Our Team, 'Gators', consisting of me, alongside Alex Roman, Eyup Unlu, and Professors Konstantin Matchev and Katia Matcheva, won the Regular Track for this competition and placed second in the Light Track.
Abstract: We present the solution to the Ariel Data Challenge of the “Gators” team from the Physics Department at the University of Florida. We train a model of interconnected neural networks to estimate a posterior distribution over possible exoplanetary atmospheric chemical compositions and surface temperatures from their transit spectrum and system auxiliary priors. A significant improvement of the model’s prediction was made by preprocessing the data using physically motivated feature engineering. The constructed model consists of several fully connected neural networks which use concatenations or products of the outputs of previous modules as inputs. To minimize the Wasserstein-2 distance while reducing the complexity of our model, we trained on a parameterization of the estimate of the posterior distribution. In cases when a concentration is too small to be detected, a functional term is added to reproduce the observed effect of the prior where the posterior distribution ends up being uniform across all compatible concentrations.

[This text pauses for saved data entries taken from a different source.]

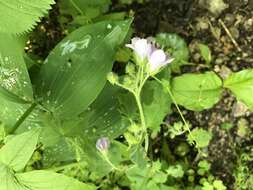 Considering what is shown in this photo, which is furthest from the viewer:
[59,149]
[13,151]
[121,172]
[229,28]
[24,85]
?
[229,28]

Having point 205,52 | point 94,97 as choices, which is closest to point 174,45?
point 205,52

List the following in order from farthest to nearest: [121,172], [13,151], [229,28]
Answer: [229,28] < [121,172] < [13,151]

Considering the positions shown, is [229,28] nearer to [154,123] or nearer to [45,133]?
[154,123]

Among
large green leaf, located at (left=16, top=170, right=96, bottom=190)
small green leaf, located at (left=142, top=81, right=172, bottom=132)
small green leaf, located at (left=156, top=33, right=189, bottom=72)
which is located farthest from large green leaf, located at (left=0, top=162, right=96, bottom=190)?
small green leaf, located at (left=156, top=33, right=189, bottom=72)

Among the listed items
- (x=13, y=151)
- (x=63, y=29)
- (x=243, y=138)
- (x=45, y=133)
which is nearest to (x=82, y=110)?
(x=45, y=133)

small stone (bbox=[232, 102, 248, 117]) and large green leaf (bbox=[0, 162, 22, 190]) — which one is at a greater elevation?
large green leaf (bbox=[0, 162, 22, 190])

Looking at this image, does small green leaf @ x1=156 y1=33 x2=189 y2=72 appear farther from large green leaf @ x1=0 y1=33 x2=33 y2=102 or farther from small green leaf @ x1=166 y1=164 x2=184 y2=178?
large green leaf @ x1=0 y1=33 x2=33 y2=102

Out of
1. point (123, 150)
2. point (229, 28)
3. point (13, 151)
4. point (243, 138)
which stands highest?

In this machine learning challenge, we created a retrieval model to obtain the planet parameters, including surface temperature and atmospheric composition of trace gases, from transit (spectral) data and both star and planet parameters. Our solution was generated using a Neural Network in PyTorch, where we demonstrated data analysis, data cleaning, feature engineering and enhancement, dimensionality reduction, and interpretability. The challenge consisted of two tracks, the light track to predict three quantiles (16%,50%,84%) of the planet parameters and the regular track to predict the full distribution of the planet parameters. The Ariel Space mission is a European Space Agency mission to be launched in 2029. Ariel will observe the atmospheres of 1000 extrasolar planets - planets around other stars - to determine how they are made, how they evolve and how to put our own Solar System in the gallactic context.
For the regular track, I did not include this hdf5 file here, it can be reproduced from the Ariel baseline solution notebook. The Ariel Baseline solution was included in my Supervised_Learning repository, along with their helper functions in order to see how to compute the spec_matrix. I added their Light Track solution, which is the Ariel submission csv file.

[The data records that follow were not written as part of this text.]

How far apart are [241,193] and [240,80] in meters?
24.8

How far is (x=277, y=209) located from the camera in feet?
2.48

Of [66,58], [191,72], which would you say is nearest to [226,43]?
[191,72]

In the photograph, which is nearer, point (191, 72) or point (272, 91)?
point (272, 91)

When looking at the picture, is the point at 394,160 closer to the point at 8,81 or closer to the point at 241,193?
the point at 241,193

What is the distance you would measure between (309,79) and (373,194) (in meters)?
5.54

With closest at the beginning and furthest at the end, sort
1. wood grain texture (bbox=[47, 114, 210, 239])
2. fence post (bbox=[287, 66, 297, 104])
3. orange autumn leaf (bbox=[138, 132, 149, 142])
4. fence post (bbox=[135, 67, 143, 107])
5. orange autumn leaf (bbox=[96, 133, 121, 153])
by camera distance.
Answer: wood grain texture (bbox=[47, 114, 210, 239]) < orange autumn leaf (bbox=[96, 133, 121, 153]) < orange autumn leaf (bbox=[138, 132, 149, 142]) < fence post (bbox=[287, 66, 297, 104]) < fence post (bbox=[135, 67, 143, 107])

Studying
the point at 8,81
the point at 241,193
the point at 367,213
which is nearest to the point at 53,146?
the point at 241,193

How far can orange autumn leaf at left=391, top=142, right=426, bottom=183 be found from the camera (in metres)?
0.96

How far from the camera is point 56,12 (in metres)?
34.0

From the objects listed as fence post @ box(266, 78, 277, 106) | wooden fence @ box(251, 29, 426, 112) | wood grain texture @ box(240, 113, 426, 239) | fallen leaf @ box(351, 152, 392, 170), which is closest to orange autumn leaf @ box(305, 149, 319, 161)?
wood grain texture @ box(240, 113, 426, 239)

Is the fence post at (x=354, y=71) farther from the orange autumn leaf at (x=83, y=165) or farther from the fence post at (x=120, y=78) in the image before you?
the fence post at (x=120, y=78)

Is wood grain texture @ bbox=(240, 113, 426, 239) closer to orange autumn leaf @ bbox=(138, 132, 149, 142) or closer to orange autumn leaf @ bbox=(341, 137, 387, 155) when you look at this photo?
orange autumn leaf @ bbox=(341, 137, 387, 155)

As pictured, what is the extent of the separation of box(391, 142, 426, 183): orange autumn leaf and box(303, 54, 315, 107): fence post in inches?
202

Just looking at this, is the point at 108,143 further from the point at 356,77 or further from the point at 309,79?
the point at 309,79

Data Files from NeurIPS 2022 Ariel Data Challenge:
Ariel Website (includes data): [https://www.ariel-datachallenge.space]
Zenodo (includes data): [https://zenodo.org/record/6770103#.Y1r51-zMLPb]

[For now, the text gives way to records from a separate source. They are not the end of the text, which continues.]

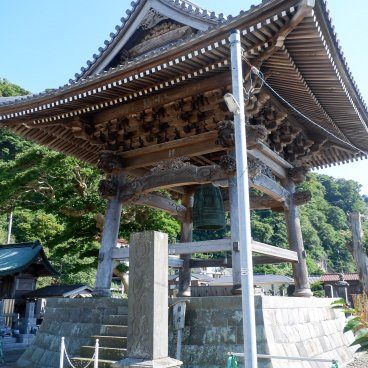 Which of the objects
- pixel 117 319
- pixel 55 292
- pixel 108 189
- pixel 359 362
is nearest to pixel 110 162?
pixel 108 189

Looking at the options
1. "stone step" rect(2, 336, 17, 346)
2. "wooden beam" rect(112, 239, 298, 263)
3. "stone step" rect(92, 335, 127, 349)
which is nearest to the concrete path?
"stone step" rect(2, 336, 17, 346)

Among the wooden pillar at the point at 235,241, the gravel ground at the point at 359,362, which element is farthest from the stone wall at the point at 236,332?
the gravel ground at the point at 359,362

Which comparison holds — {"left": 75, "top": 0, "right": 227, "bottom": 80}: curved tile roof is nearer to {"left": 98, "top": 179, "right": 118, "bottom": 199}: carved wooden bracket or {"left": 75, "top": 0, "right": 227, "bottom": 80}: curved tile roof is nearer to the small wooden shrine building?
the small wooden shrine building

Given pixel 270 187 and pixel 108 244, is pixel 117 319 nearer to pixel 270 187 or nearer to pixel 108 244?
pixel 108 244

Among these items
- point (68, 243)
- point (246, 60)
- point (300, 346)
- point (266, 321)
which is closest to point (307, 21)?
point (246, 60)

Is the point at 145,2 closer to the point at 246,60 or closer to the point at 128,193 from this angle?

Features 1: AuxiliaryTable: Star and Planet Parameters (91392,10) Features 2: spec_matrix: Wavelength bin [0], spectra (transit depth) [1], noise in the transit [2], error in wavelength bin [3] for 52 wavelength bins (91392,52,4) The entire 91392 values for the spectra data for the challenge were given, however, the file was too large to be uploaded here.
Targets: FM_Parameter_Table: Consists of Planet Temperature, and log traces concentrations for H2O, CH4, CO2, CO, NH3 (91392,6) The test versions of these files consist of 500 instances rather than 91392, and only the test auxilliary data, spectra, and noise are provided here.
The 'all_training.npz' file was too large to upload here. This will take the same format as the 'all_testing.npz' file, and all data can be downloaded from the links above. Ariel separates the data into different files, whereas, we have condensed it into one.
Collaborators on this Project: Alex Roman and Eyup Unlu.